Search code examples
pythontensorflowtensorflow2.0tokenizesummarization

How to join/concat/combine ragged tensors in tensorflow?


so basically I have a ragged tensor (e.g. [[1, 2, 3], [4, 5], [6]]) and I want to concat them with a special character in between them, like an specific number, say 0. So the result would be [[1, 2, 3, 0, 4, 5, 0, 6]]. So this is sth like joining strings but I want to do it with ragged integers. I have no solutions for this to be able to turn it into a @tf.function.
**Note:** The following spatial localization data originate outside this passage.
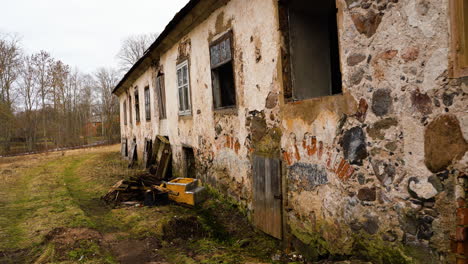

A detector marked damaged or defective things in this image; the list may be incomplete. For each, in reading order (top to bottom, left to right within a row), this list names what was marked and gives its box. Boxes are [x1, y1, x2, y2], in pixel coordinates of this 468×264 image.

broken window [210, 32, 236, 110]
broken window [284, 0, 342, 101]
broken window [450, 0, 468, 76]
peeling plaster wall [280, 0, 466, 262]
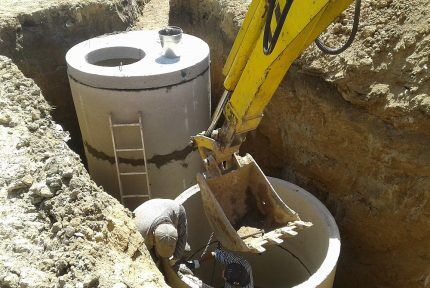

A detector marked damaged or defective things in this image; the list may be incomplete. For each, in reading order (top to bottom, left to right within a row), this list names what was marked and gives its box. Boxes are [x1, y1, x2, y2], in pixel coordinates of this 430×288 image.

rusty metal surface [198, 155, 312, 252]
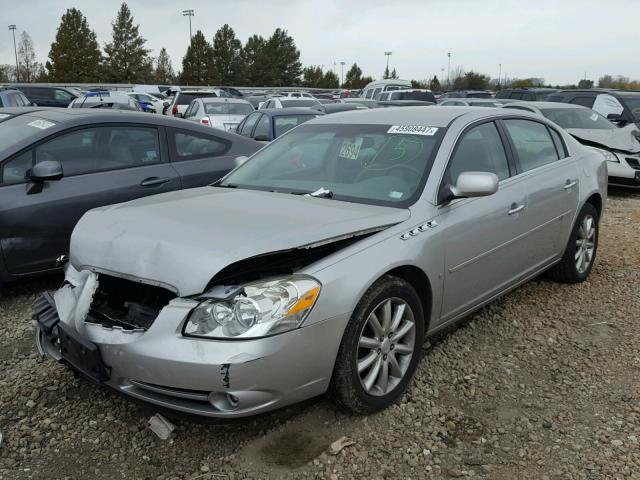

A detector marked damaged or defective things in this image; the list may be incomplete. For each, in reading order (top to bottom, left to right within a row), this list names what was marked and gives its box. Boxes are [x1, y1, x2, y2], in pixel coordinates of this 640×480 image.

dented hood [564, 124, 640, 153]
dented hood [70, 188, 410, 296]
crumpled front bumper [33, 280, 348, 418]
broken headlight [181, 276, 320, 340]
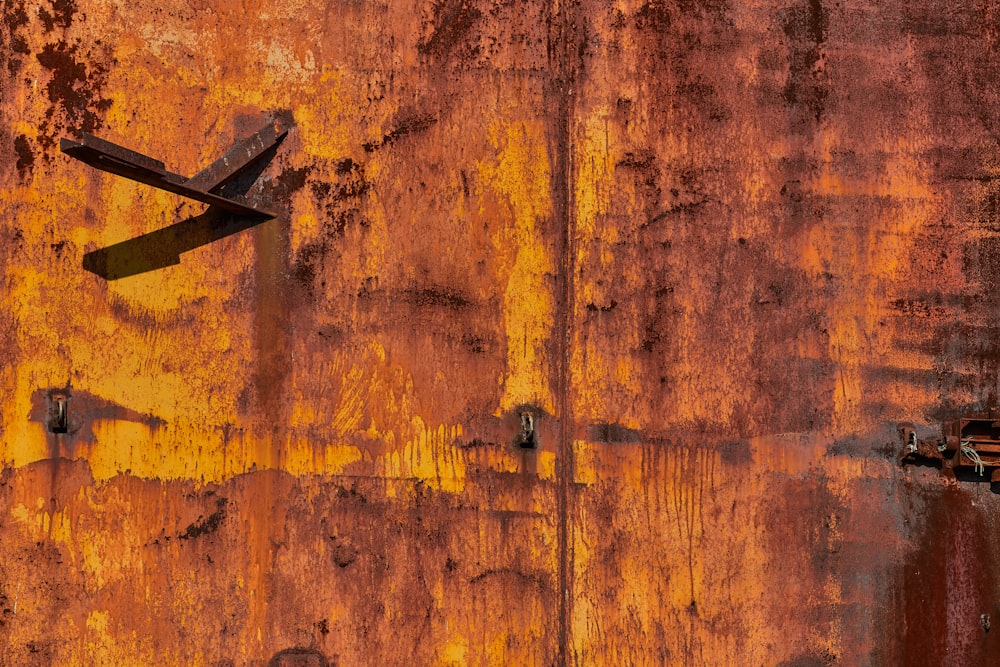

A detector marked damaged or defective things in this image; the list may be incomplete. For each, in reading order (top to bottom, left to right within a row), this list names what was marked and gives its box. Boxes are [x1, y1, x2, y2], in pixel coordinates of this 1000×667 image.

rust drip streak [552, 0, 584, 664]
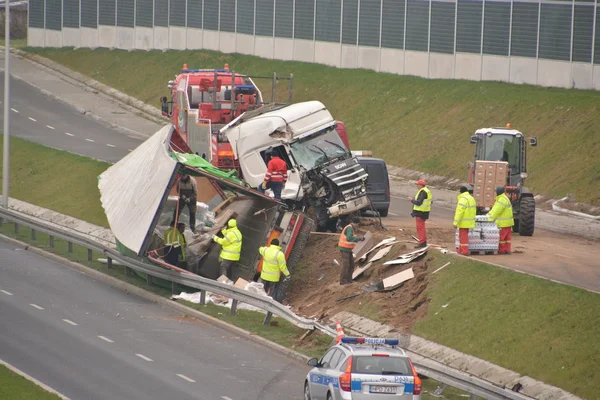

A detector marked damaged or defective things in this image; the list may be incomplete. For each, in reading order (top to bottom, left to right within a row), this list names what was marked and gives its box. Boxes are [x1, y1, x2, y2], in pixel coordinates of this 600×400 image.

overturned semi-truck [97, 125, 314, 300]
damaged guardrail [0, 208, 536, 398]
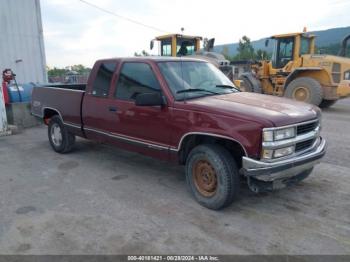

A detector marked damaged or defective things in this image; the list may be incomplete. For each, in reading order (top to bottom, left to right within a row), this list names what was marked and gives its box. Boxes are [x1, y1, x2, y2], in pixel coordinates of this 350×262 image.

rusty wheel [193, 160, 217, 196]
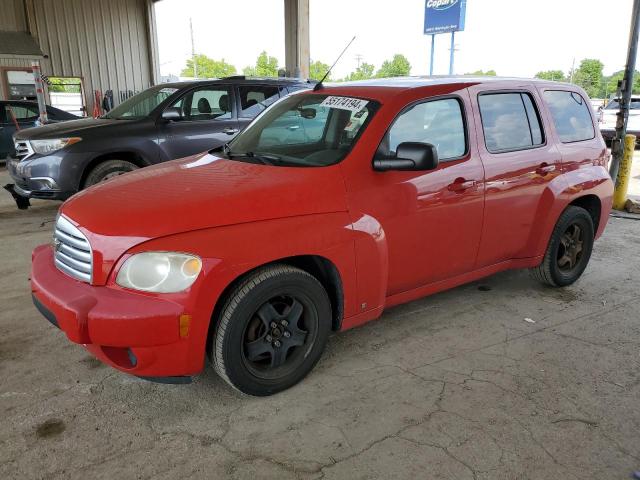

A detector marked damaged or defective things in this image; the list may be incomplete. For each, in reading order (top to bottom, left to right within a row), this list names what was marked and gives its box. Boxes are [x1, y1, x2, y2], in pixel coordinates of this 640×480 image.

cracked asphalt [1, 166, 640, 480]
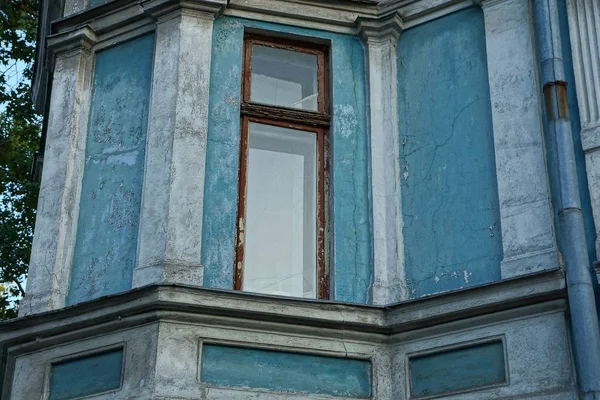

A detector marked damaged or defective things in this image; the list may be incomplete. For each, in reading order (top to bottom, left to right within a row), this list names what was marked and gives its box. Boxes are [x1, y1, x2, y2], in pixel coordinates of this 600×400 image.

peeling blue paint [67, 34, 155, 304]
peeling blue paint [202, 16, 370, 304]
peeling blue paint [400, 7, 504, 298]
peeling blue paint [49, 346, 123, 400]
peeling blue paint [200, 344, 370, 396]
peeling blue paint [408, 340, 506, 396]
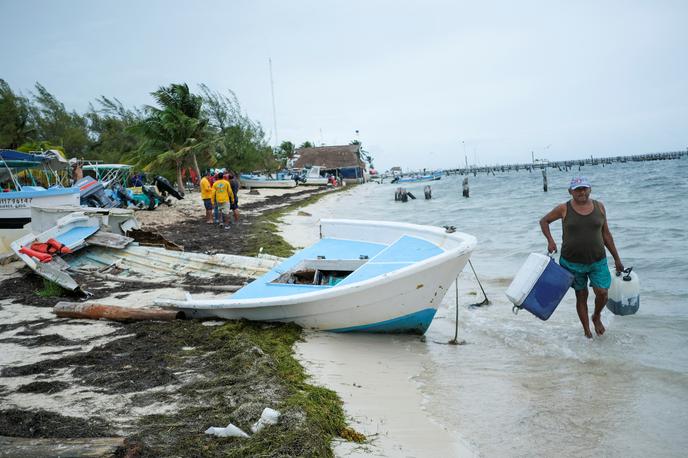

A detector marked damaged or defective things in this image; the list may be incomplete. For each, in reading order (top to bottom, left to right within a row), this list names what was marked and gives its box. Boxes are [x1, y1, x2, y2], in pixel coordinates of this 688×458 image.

damaged wooden boat [158, 218, 476, 332]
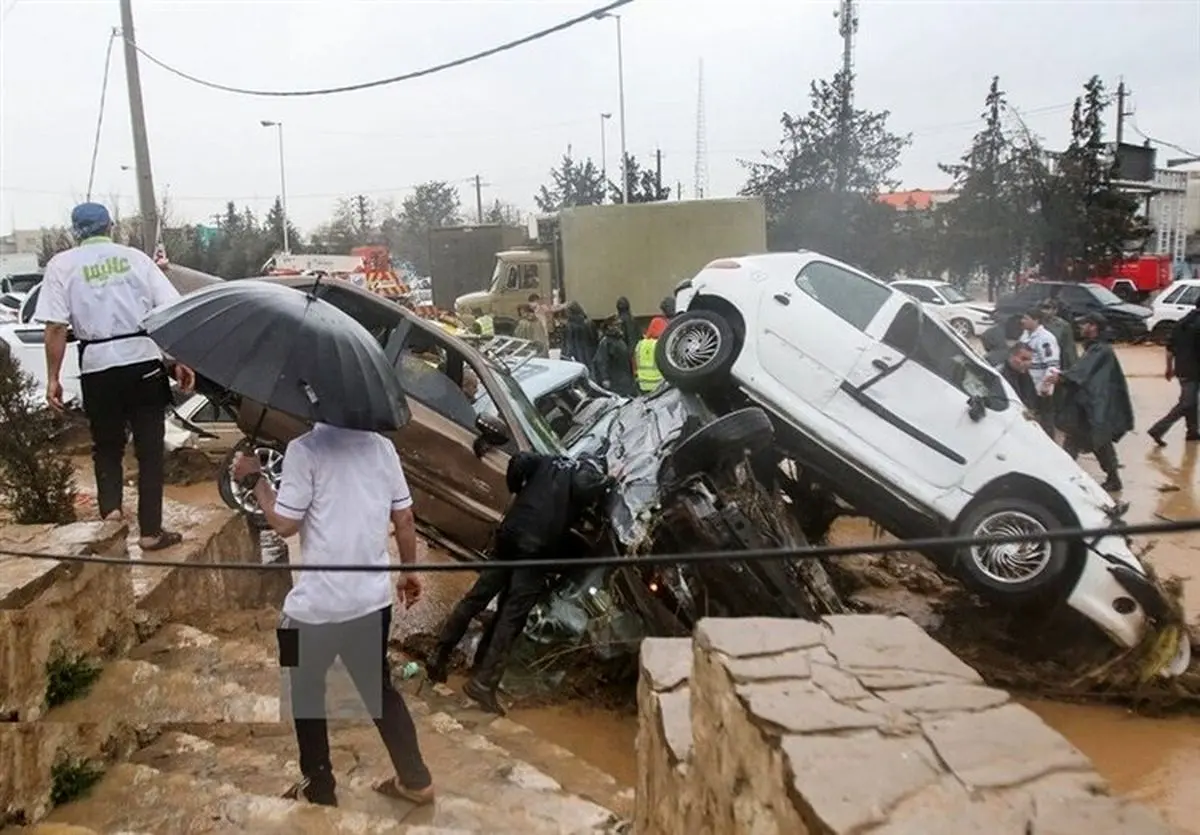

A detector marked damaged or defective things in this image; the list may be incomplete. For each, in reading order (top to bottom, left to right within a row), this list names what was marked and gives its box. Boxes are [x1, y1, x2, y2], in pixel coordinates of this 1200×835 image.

crushed car [657, 249, 1190, 676]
Also the purpose of this is to concatenate tokens of a documents sentences, and that special character is to indicate where a sentence ends and another starts.


Solution

  • Try using tf.concat and ragged.merge_dims:

    import tensorflow as tf
    
    ragged = tf.ragged.constant([[1, 2, 3], [4, 5], [6]])
    rows = ragged.bounding_shape()[0]
    ragged = tf.concat([ragged, tf.concat([tf.expand_dims(tf.repeat([0], repeats=rows-1), axis=-1), tf.ragged.constant([[]], dtype=tf.int32)], axis=0)], axis=-1)
    ragged = tf.expand_dims(ragged.merge_dims(0, 1), axis=0)
    print(ragged)
    # tf.Tensor([[1 2 3 0 4 5 0 6]], shape=(1, 8), dtype=int32)